CS 203 (2021 Fall) Assignment #4

Student ID #:

Name:

Who else you discussed with when finishing the assignment:
(While you may have your partner do all the work, this will only hurt you when the midterm and final come around so don't do it.)

\* For your answer to each question, please clearly specify what formula you use to solve the problem before replacing each term with numbers.

\* Please show your work as detailed as possible.

\* We refuse to give credits for answers with only final results even they are correct.

1. ﻿Consider the following RISC-V instructions:

Loop: LD F1,0(X3)
 ADD.D F2,F1,F4
 MUL.D F1,F2,F6
 ADD.D F1,F1,F5
 ADD.D F7,F7,F1
 ADDI X12,X12,-1
 BNEZ X12,Loop
 ADDI X16,X16,4
 LD X3,0(X16)
Assume the initial value of X12 is 2. Please answer the following question.
	1. Assuming that you are given a processor using Tomasulo algorithm for instruction scheduling. The execution time and reservation stations for each functional unit is listed as below:

|  |  |  |
| --- | --- | --- |
| Functional units | Execution time | Reservation Stations |
| INT ALU | 1 |  |
| FP ADD | 2 |  |
| FP MUL | 3 |  |
| Memory Access | 1 | 4 for Address Calculation, 3 for loads, 3 for stores |
| Branch | 1 |  |

Please draw the pipeline diagram according to the Tomasulo handout http://cseweb.ucsd.edu/classes/wi10/cse240a/Slides/tomasulo.pdf
for the given code.

* 1. Assuming that you are using an Alpha 21264-Like processor (i.e. register renaming) that is very similar to a real Alpha 21264 except the processor has the same function unit execution time and branch predictor as the previous problem. Please draw the pipeline diagram for the given code. (You may assume the processor has the same number of functional units as the previous problem.
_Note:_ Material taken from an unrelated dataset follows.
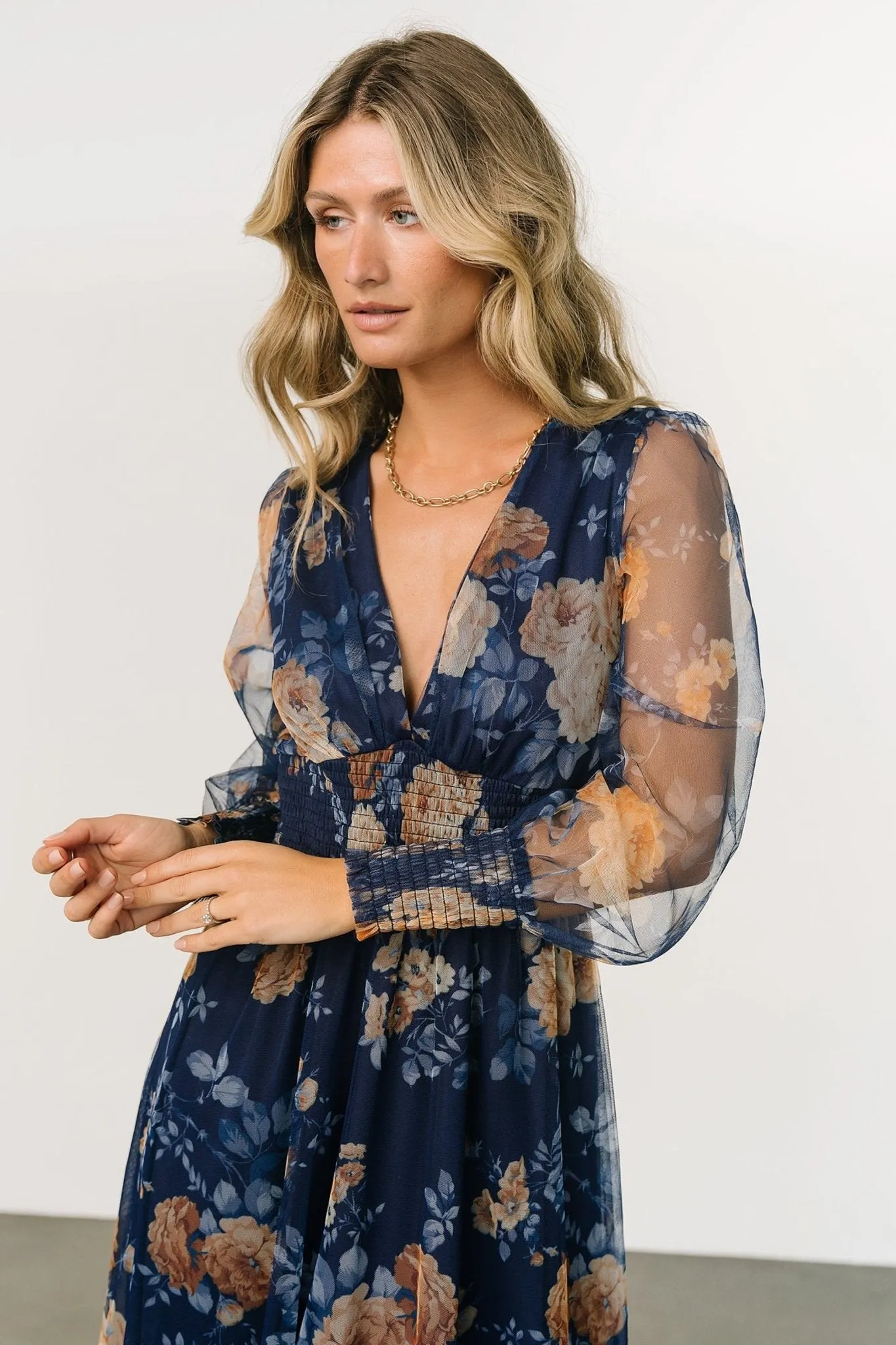 Layla Tulle Maxi Dress | Blue + Golden Floral sold by Baltic Born product image thumbnail 5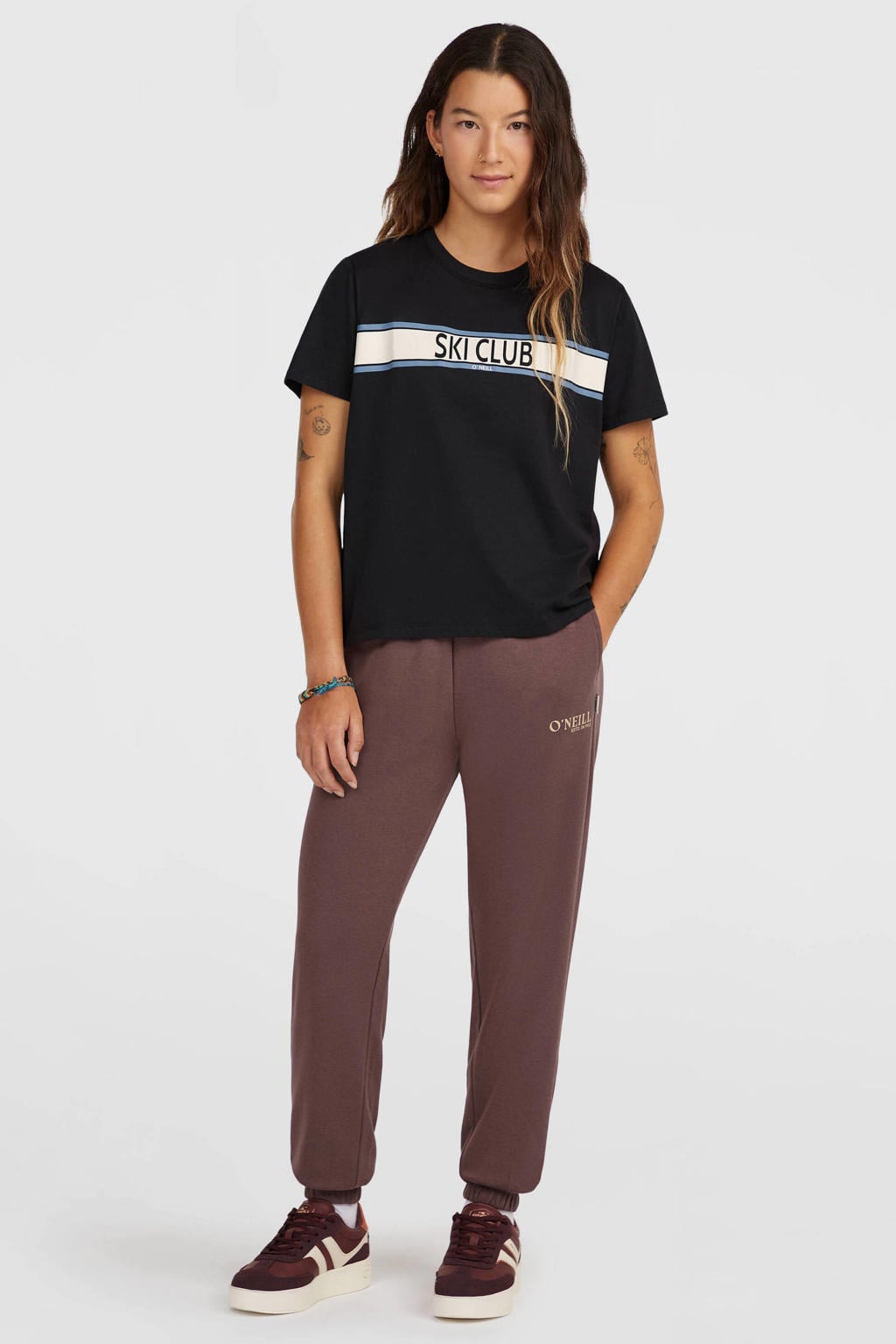 Paarse dames O'Neill slim fit broek van katoen met regular waist, elastische tailleband en effen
Ignore the functional unit cluster problem and assume there are bypass paths for memory and ALU operations).
	2. Assuming R2 is very large, which of the above performs better and why?
1. Consider the following three CPU organizations:
I. CPU CMP: 2-core superscalar processor with out-of-order issue capabilities. Each core has two functional units. Only a single thread can run on each core at a time.
II. CPU FMT: A fine-grained multithreaded processor that allows instructions from two threads to be run concurrently on the two functional units, though only instructions from a single thread can be issued to run on any cycle.
III.CPU SMT: An SMT processor that allows instructions from two threads to be run concurrently on the two functional units, and instructions from either or both threads can be issued to run on any cycle.
Assume we have two threads A and B to run on these CPUs that include the following operations:

|  |  |
| --- | --- |
| Thread A | Thread B |
| A1: takes 2 cycle to execute A2: depends on the result of A1 A3: conflicts for a functional unit with A2 (They must use the same one) A4: depends on the result of A2 | B1: no dependencies B2: conflicts for a functional unit with B1 (They must use the same one) B3: no dependencies B4: depends on the result of B2 |

1. How many cycles will it take to execute these two threads on each of the above three processors?
2. How many issue slots are wasted due to hazards? (You may assume these processors have full capability of eliminating false dependencies and all the instructions are already in instruction queues. If not specified, the instruction will take one cycle to execute)
3. A simulation study shows that the average branch misprediction rate of selected SPEC92 benchmarks nearly doubles from 5% to 9.1% while going from 1 thread to 8 threads in an SMT processor. However, the wrong-path instructions fetched drops from 24% on a single-threaded processor to 7% on an 8-thread SMT processor.
	1. Please give the reason why the branch misprediction rate increases.
	2. Why is the number of fetched wrong-path instructions decreases? (Hint: This is related to the scheduling of instructions) Another simulation study for online transaction-processing workload, OLTP, shows a decrease in instruction cache miss rate from 14% to 9%.
	3. When is such a decrease, called constructive cache interference, likely to happen?
4. Assume that you are running the following code segment on a symmetric multicore processor, where the initial values of both x and y are 0.

|  |  |
| --- | --- |
| Core 1 | Core 2 |
| x = 2; w= x+y+1; | y=2;z=x+y; |

* 1. Please list all the possible resulting values of w, x, y, z. For each possible outcome, explain how we might arrive at those values. You may need to examine all possible interleaving of instructions. (If you feel that there are too many possibilities, you may assume the cache is coherent.)
	2. If you wanted to make the system sequentially consistent, what are the key constrains you need to impose?
	3. Assume the processor supports "relaxed memory consistency" model, which requires synchronization to be explicitly identified. To achieve "relaxed memory consistency" model, the processor provides a "barrier" instruction, which ensures that all memory operation preceding the barrier instruction complete before any memory operations following the barrier are allowed to begin. Where would you include the barrier instructions in the above code segment to get the result as x = 2, y = 2, w = 5, and z = 4?